How Alabama is on the verge of breaking one of the nation’s most powerful teachers’ unions
For much of the last four decades, the Alabama Education Association has risen to become one of the most powerful teachers’ unions in the country. As odd as it may seem in a dark red state, over the years long-time AEA executive director Paul Hubbert, oftentimes described as the “shadow governor” of Alabama, has earned his union the distinction of being one of the most politically involved organizations of its type in the country.
Hubbert and the AEA won one of their first major battles in 1971, when they were able to keep then-Democratic Gov. George Wallace from directing funds meant for education and diverting them to the state retirement system. Since that victory, Hubbert has been able to wield his power and influence in ways that are almost unfathomable to an outsider.

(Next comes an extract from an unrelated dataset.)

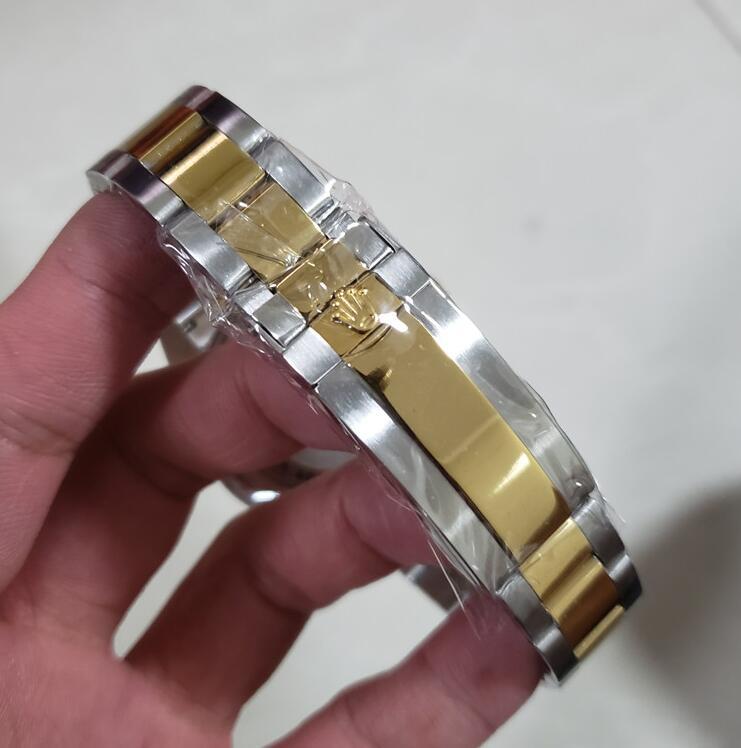 SAMC - Mix Watches - 177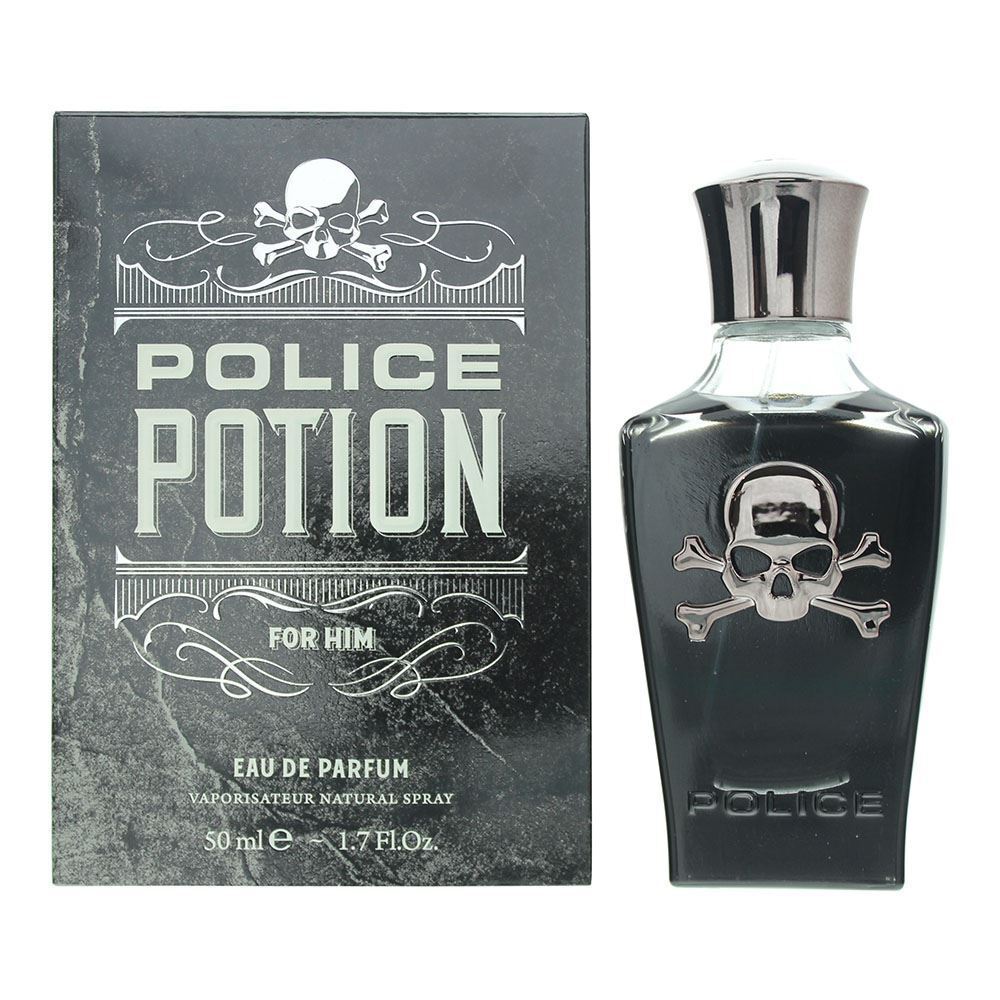 Police To Be For Him EDP 50ml Perfume For Men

Under Hubbert, the teachers’ union head has employed such tactics as installing his own un-elected assistant in state legislature budget committee hearings to be called upon by the committee chairman and essentially re-writing the state’s budget with little or no regard for what the governor had submitted to the state legislature.
Hubbert himself has also played a visible role. Over the years, the teachers’ union head could be seen standing in the balconies of the Democratic-controlled legislature, giving hand signals to members of both chambers on which way to vote.

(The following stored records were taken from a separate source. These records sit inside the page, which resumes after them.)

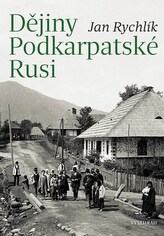 Dějiny Podkarpatské Rusi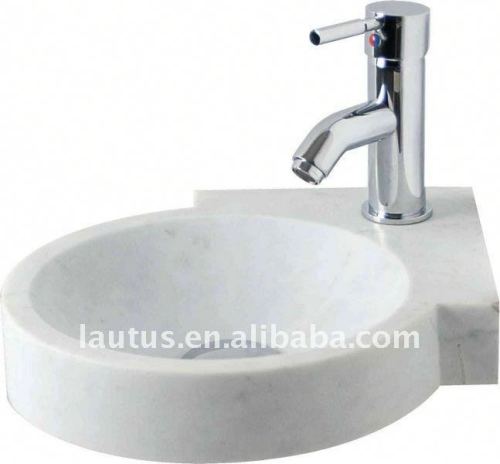 Lautus new model DI-R4036HWM wall mount wash basin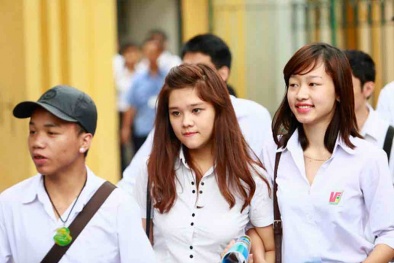 Nghịch lý 30 điểm vẫn trượt đại học: Chuyên gia giáo dục nói gì?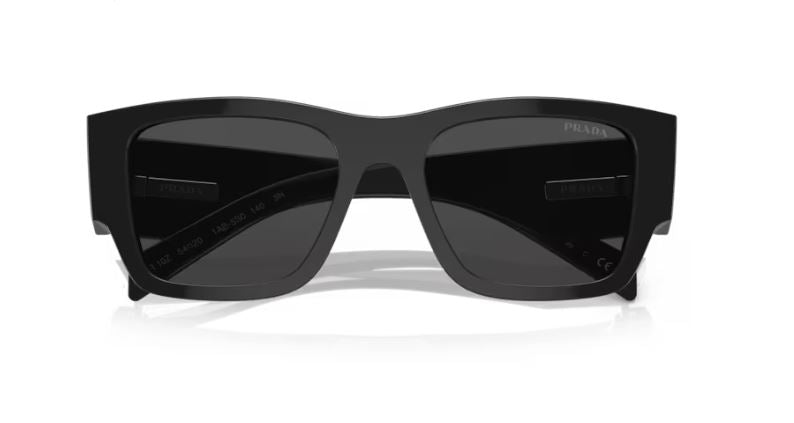 PRADA PR 10ZS 1AB5S0 - Black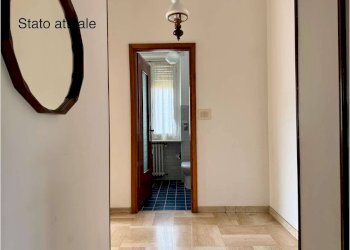Apartment Via Sobrero, 9, Cuneo (neighborhood Gramsci) - photo 7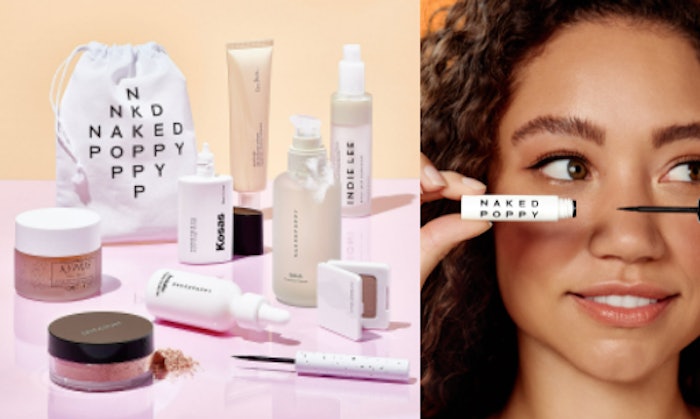 The Smart Ingredients technology produces a detailed map of INCI names as they pertain to allergens and to the ingredient list for each product in its store.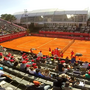 Estoril Open enche em véspera de feriado por Rui Machado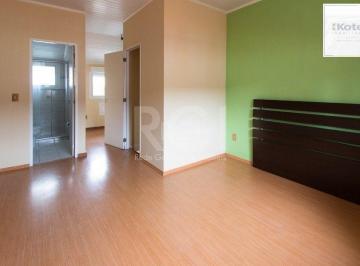 Casa · 92m² · 3 Quartos · 2 Vagas · Casa Condominio para Venda - 92.32m², 3 dormitórios, sendo 1 suites, 2 vagas - C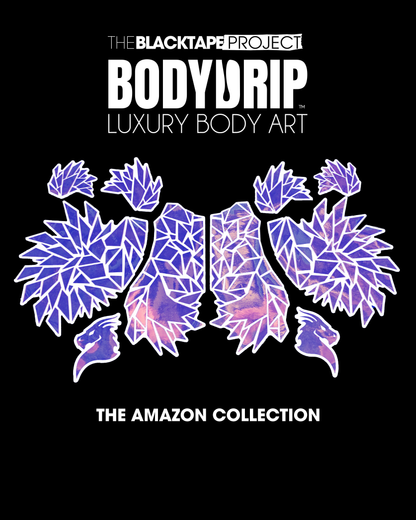 Bodydrip Amazon Collection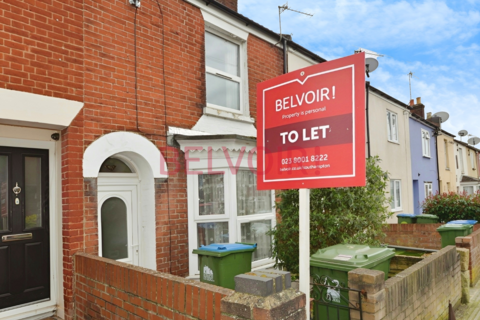 undefined, Earls Road, Southampton SO14
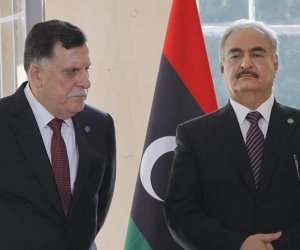 انفراجة في الأزمة الليبية.. الجيش الليبي يفرج عن الموانئ النفطية والوفاق تدعم القرار
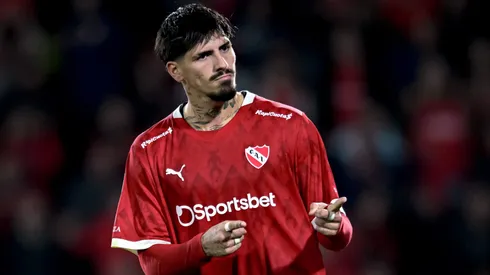 Independiente va por el pase a cuartos de final.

But the beginning of the end of the AEA’s reign of power came with the 2010 state office elections. The Republican Party took control of both chambers of the state legislature for the first time in 136 years. And shortly thereafter — at age 76, Hubbert retired as the AEA head and former Alabama State Finance Director Henry Mabry took them helm.
The newly elected Republican legislature and Republican Gov. Robert Bentley enacted measures to prohibit public employees from having dues for political activities paid through payroll draft. That measure is much like what Wisconsin Republican Gov. Scott Walker and that state’s Republican-led legislature pushed in 2011.
But perhaps the biggest blow to the AEA came last week when the state legislature passed the Alabama Accountability Act of 2013, which made school choice, private or another public school, possible for the family of a student, if he or she is attending a failing school.
That legislation will provide income tax credits for families with students in a failing public school to attend a non-failing public or private school. It will also expand tax credits to individuals or businesses who donate scholarship money to non-failing schools.
Democratic State Rep. Mary Moore of Birmingham implied that the bill had a racial element. “Welcome to the new confederacy where a bunch of white men are now going to take over black schools,” Moore said according to a report last week from AL.com’s Kim Chandler.
The bill’s passage was heralded by conservatives and received national attention, with the Washington, D.C.-based Heritage Foundation celebrating it as “historic.”
Alabama Senate President Pro Tem Del Marsh, the mastermind behind the legislation, sees the court ruling and other efforts to thwart its passage as the teachers’ union’s last gasp.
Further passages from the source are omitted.